The Chicago Picasso, Pablo Picasso’s large-scale civic sculpture in Daley Plaza--the first of its kind in America--turns 50 next week.
When the sculpture was unveiled in 1967--it was done so with much controversy.
Was it a work of art or a cruel joke? The work, for which the 85-year-old Picasso refused payment, calling it his gift to "the people of Chicago," had no title. It was up to the public to decide what it was.
A woman’s head?
An Afghan hound?
The Tribune called it a “predatory grasshopper.”
Col. Jack Reilly, the mayor's director of special events at the time, called for its immediate removal.
Ald. John J. Hoellen wanted it "deported" and replaced with a statue of "Mr. Cub . . . Ernie Banks."
Mayor Richard J. Daley promised the city that "what is strange to us today will be familiar tomorrow."
On that count, the Mayor was right. Whether it is beloved or just accepted, the sculpture has become a familiar part of Chicago. Children slide down it, festivals, food trucks, the Daley Plaza Farmer's Market and Christkindlesmarkt--all take place under the watchful eye of the 50 feet tall sculpture that rests on a base of granite constructed of the same Cor-Ten steel as the building behind it.
Today's 50th anniversary celebration, conceived by artist and historian Paul Durica, kicks off at noon at Daley Plaza with a restaging of the 1967 unveiling.
Contemporary arts leaders, artists, city officials and performers will be in attendance. The program will feature youth performances by the Chicago Children’s Choir and the After School Matters Orchestra. Additionally, YouMedia @ Chicago Public Library teens will interview attendees while in character as the legendary Studs Terkel. Other participants include Orbert Davis, Tatsu Aoki, Avery R. Young and Edra Soto.
More events celebrating the 50th anniversary of Chicago’s Picasso
A free-admission film and lecture series will celebrate the 50th anniversary of Chicago’s Picasso at the Chicago Cultural Center (78 E. Washington St.).

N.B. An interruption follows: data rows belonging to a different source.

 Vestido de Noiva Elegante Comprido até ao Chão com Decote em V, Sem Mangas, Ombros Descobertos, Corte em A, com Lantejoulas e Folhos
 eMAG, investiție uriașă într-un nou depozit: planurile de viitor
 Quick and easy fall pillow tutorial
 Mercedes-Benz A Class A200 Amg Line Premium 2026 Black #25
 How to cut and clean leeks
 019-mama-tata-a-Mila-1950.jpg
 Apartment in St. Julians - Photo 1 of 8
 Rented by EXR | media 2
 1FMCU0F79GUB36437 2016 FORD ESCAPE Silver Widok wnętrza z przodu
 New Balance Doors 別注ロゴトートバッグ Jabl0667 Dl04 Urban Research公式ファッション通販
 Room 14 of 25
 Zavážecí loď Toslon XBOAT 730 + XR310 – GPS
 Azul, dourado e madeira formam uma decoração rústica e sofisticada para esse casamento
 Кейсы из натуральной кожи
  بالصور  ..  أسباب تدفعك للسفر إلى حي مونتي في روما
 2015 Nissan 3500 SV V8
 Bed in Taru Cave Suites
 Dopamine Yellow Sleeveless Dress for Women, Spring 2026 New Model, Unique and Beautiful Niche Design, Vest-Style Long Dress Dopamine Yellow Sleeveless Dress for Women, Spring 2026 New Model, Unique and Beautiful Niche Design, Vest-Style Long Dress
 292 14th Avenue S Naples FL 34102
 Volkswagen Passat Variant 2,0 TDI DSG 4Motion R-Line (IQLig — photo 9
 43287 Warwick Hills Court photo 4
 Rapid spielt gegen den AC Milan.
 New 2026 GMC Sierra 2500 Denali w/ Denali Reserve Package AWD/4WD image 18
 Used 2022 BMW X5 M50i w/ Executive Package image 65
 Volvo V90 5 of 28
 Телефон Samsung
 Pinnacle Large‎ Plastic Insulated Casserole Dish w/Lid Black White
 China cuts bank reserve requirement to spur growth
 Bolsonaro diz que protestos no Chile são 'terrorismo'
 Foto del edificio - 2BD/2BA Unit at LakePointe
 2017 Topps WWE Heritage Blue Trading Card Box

- A Public Art Film Series on August 12 and 13 at 2 p.m. and August 14 and 15 at 6:30 p.m. will feature films providing a time capsule to when public art, murals and sculpture were just beginning to take form in Chicago.
- An August 15 screening will include a film related to Picasso’s 1967 dedication. Also on August 15, at 12:15 p.m., cultural historian Paul Durica will moderate a conversation with Chicago artists, YouMedia teens and representatives from the Studs Terkel Radio Archive on “50 Years Later: Reflections on Chicago’s Picasso.”
A book discussion at the Chicago Public Library's Harold Washington Library, 400 S. State St.
- Art historian Patricia Balton Stratton, along with an esteemed group of panelists will discuss her new book The Chicago Picasso: A Point of Departure on August 15 at 6 p.m.